### ACTIVITY:
Include the line with "Now, draw a" and every line before it in the entries below, echoed exactly, but not the pictures.

### SUPPLIED MATERIAL:
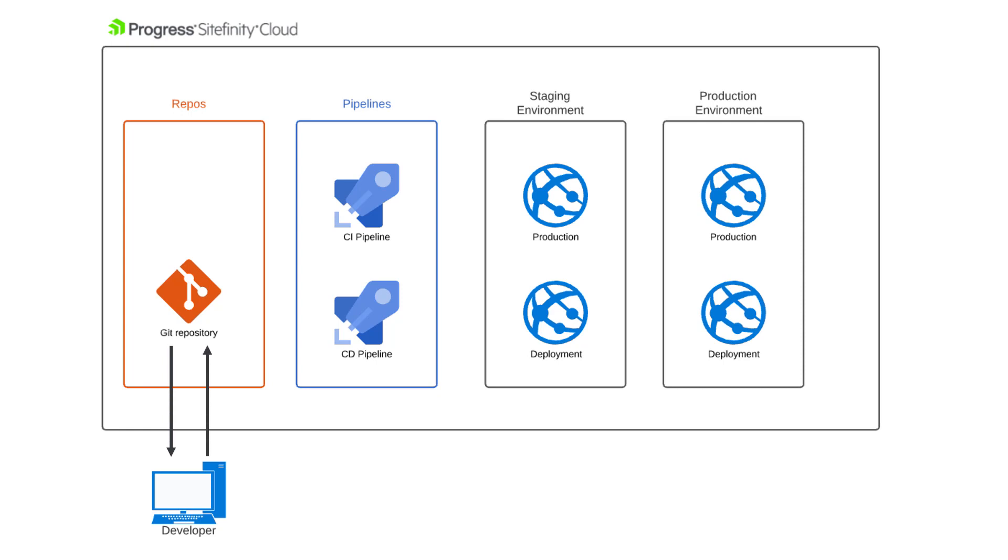The developer would then commit the changes and push the code back to the remote Git repository. Next, the developer must make a pull request to ask that the code from the feature branch be merged into the master branch. Once this pull request is approved and completed, a CI build is triggered to test the changes against the master branch. And upon a successful build, the changes are merged into the master branch.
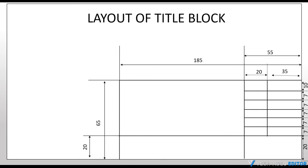Now, draw a line at a distance of 25 mm at the bottom block. Now, divide this same block into 2 parts of 10 mm each.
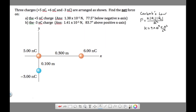Here is a Coulomb's Law problem. We're given three charges arranged on an xy-axis: a negative three nanocoulomb charge, a five nanocoulomb charge which is positive — if it doesn't state negative, then it's positive — and a six nanocoulomb charge, which is also positive. We're going to number these charges Q1, Q2, and Q3 so we can refer to them.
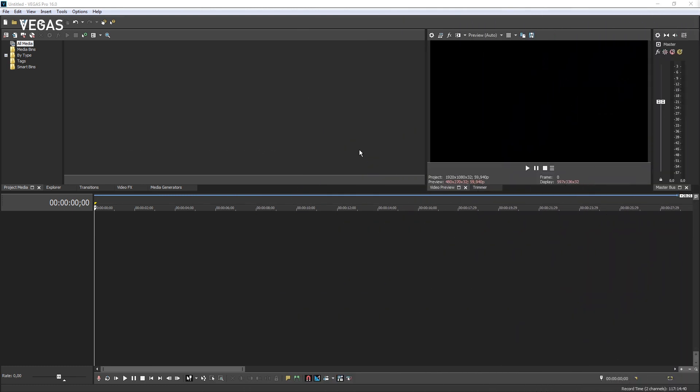Vegas Pro 15 gives you the ability to rearrange the workspace to fit your personal workflow. Feel free to experiment with different layouts with the assurance that you can always get back to the default layout at any time.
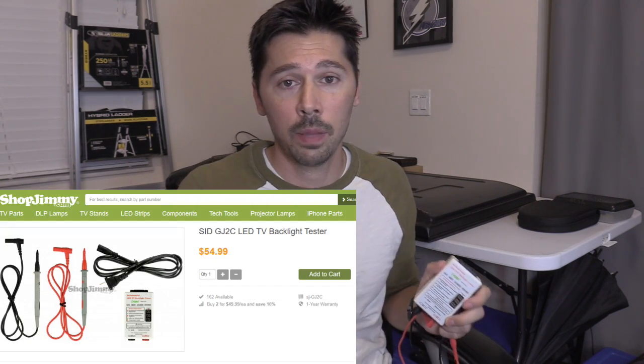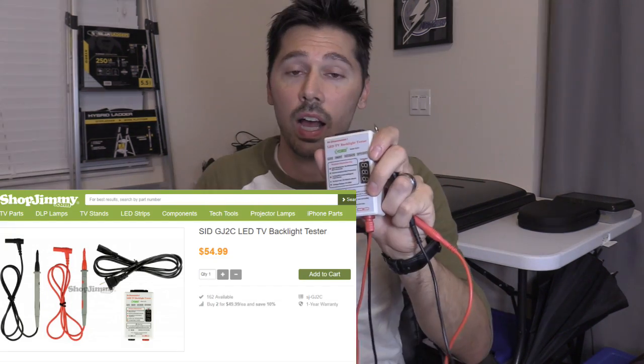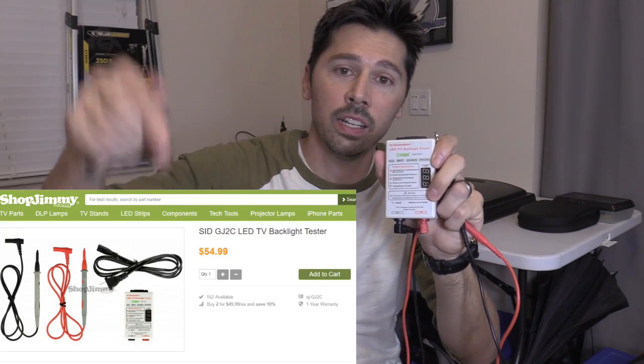I've fixed quite a few TVs with this LED TV backlight tester — this thing has paid for itself over and over. If you fix more than one TV that has a bad backlight circuit, definitely get one of these. It saves you a lot of time and headache. I'll leave the link in the video description below.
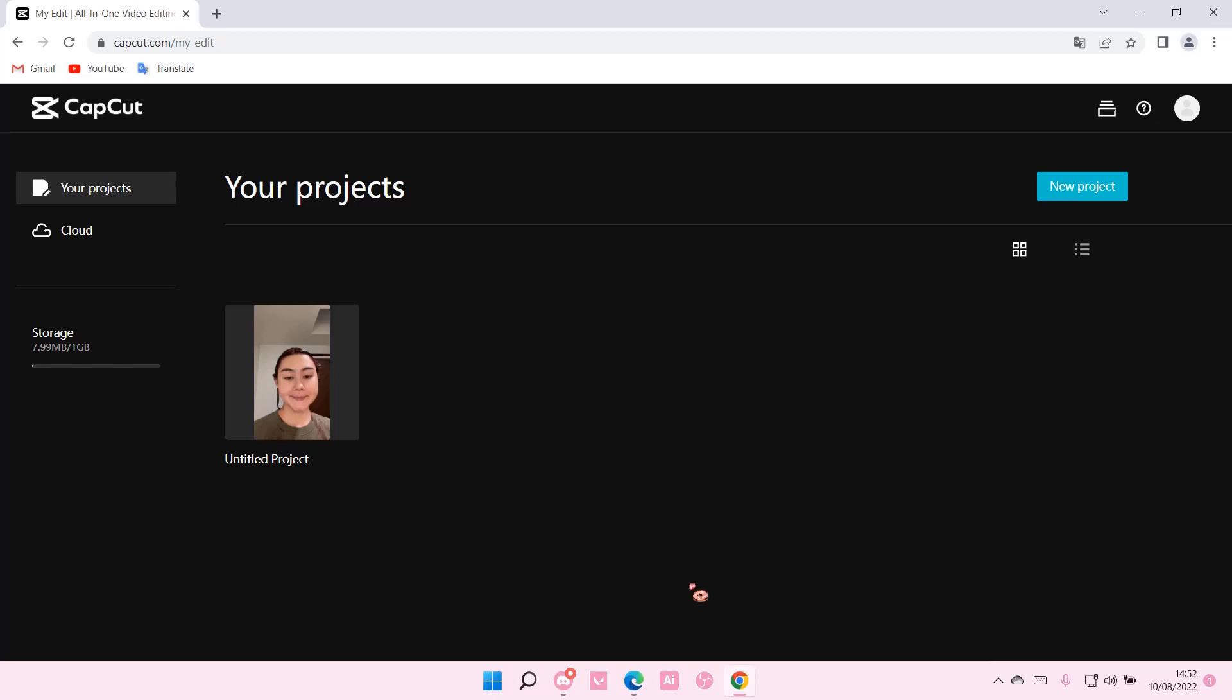Hey guys, and welcome back to this channel. In this video, I will be showing you guys how I can change the volume of your video in CapCut PC.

### ANSWER BOX:
The developer would then commit the changes and push the code back to the remote Git repository. Next, the developer must make a pull request to ask that the code from the feature branch be merged into the master branch. Once this pull request is approved and completed, a CI build is triggered to test the changes against the master branch. And upon a successful build, the changes are merged into the master branch.
Now, draw a line at a distance of 25 mm at the bottom block. Now, divide this same block into 2 parts of 10 mm each.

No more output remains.